Scraped caption text data:
+ + + + +

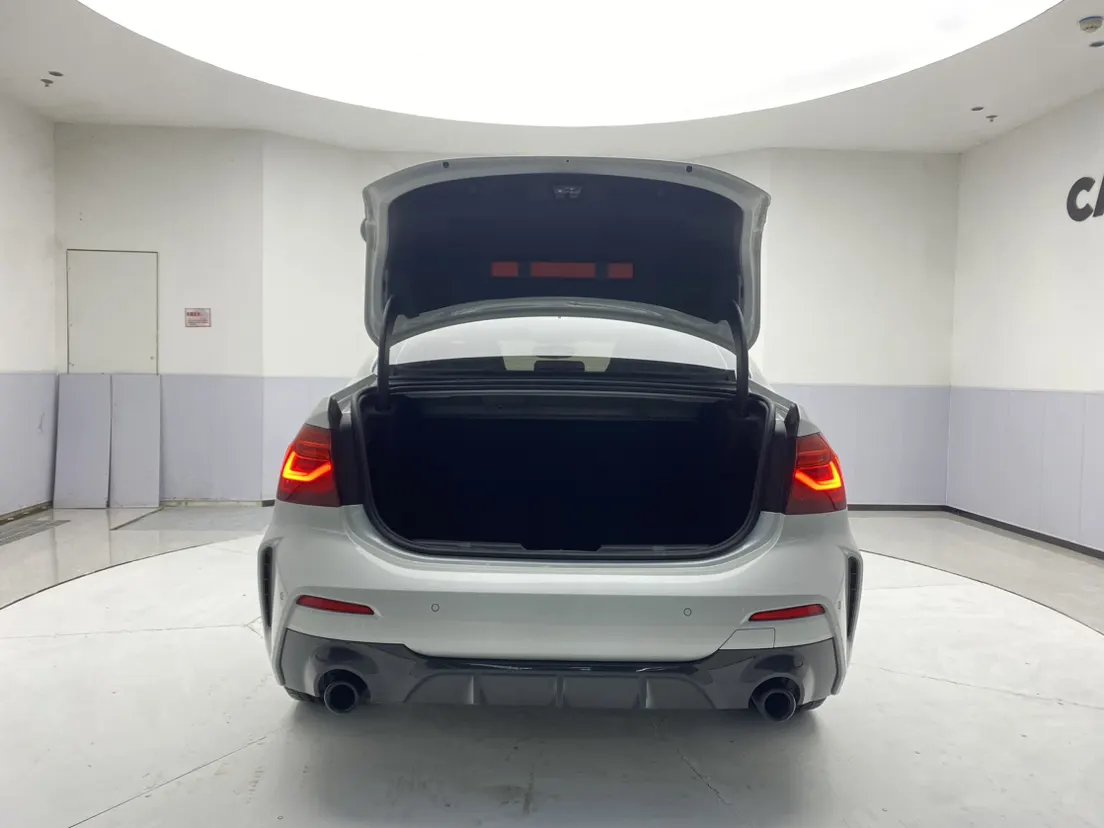 BMW 125i, 2023 29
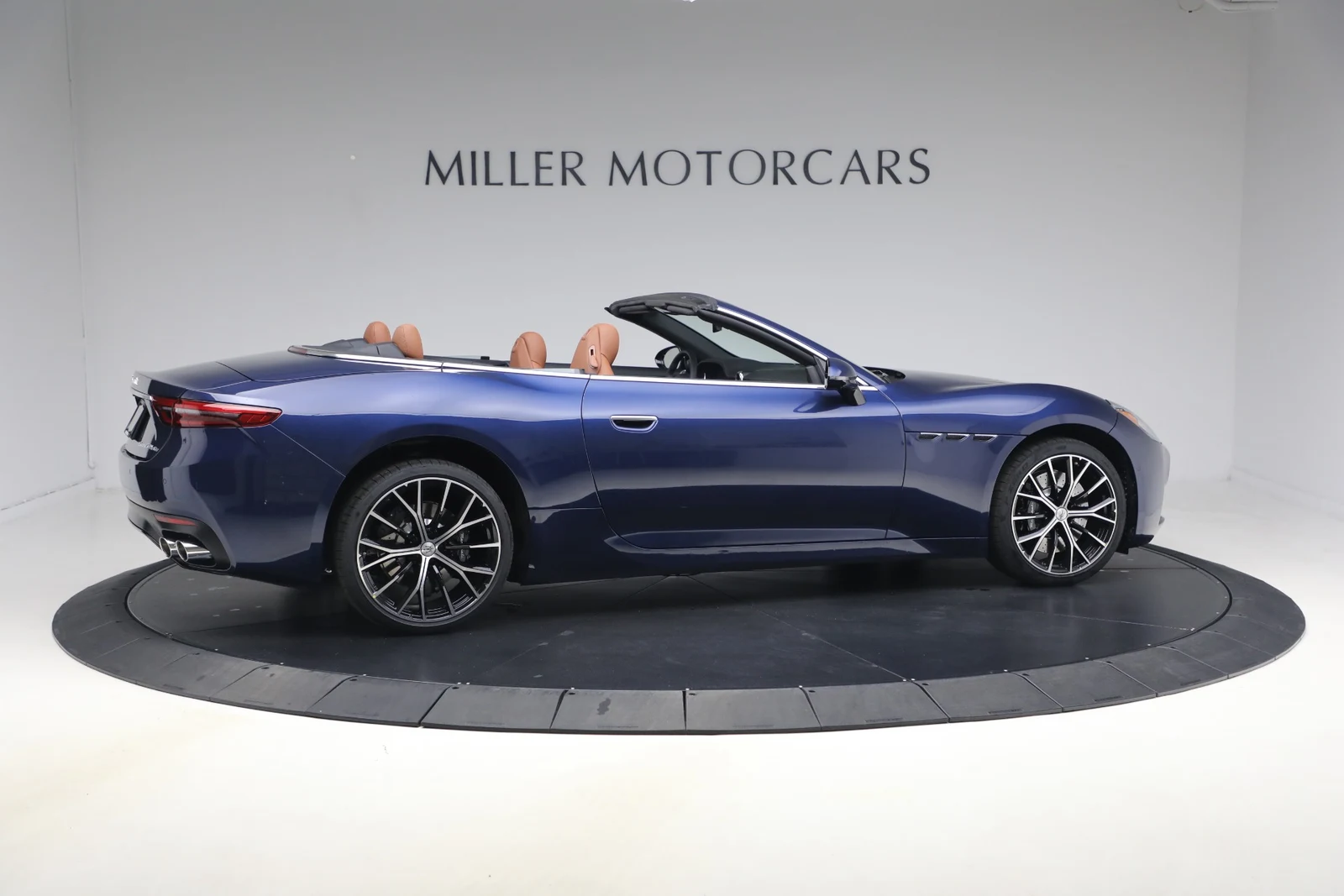 2026 Maserati GranCabrio Modena, 8/20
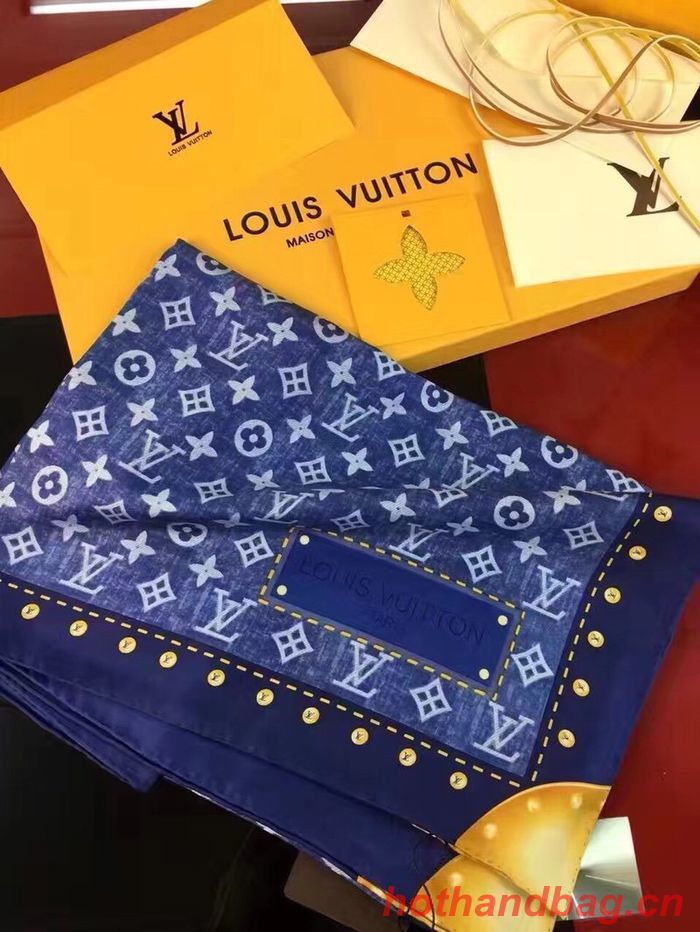 Louis Vuitton Scarf LVC00231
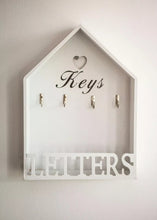 Load image into Gallery viewer, Hanging White Wooden Key Holder &amp; Letter Rack Hooks Storage Wall Mounted Vintage Style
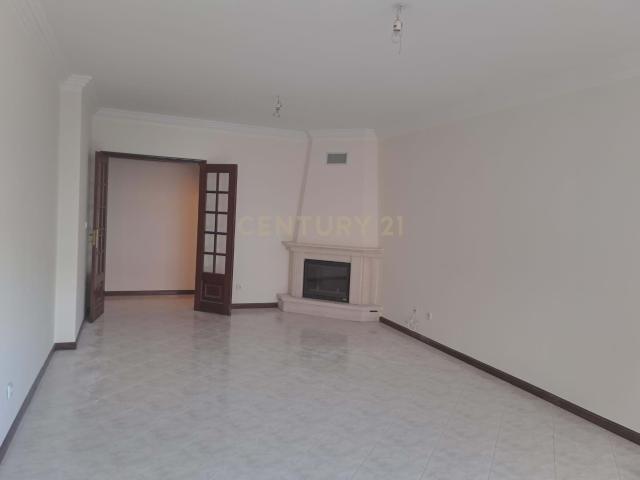Apartamento T2 c/ parqueamento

+ + + + +

## TASK REQUIREMENTS
Give back, word for word, the lines from the line that contains "Louis Vuitton Scarf LVC00231" through the last line of the records, with no pictures and nothing else.

## RESPONSE AREA
 Louis Vuitton Scarf LVC00231
 Load image into Gallery viewer, Hanging White Wooden Key Holder &amp; Letter Rack Hooks Storage Wall Mounted Vintage Style
Apartamento T2 c/ parqueamento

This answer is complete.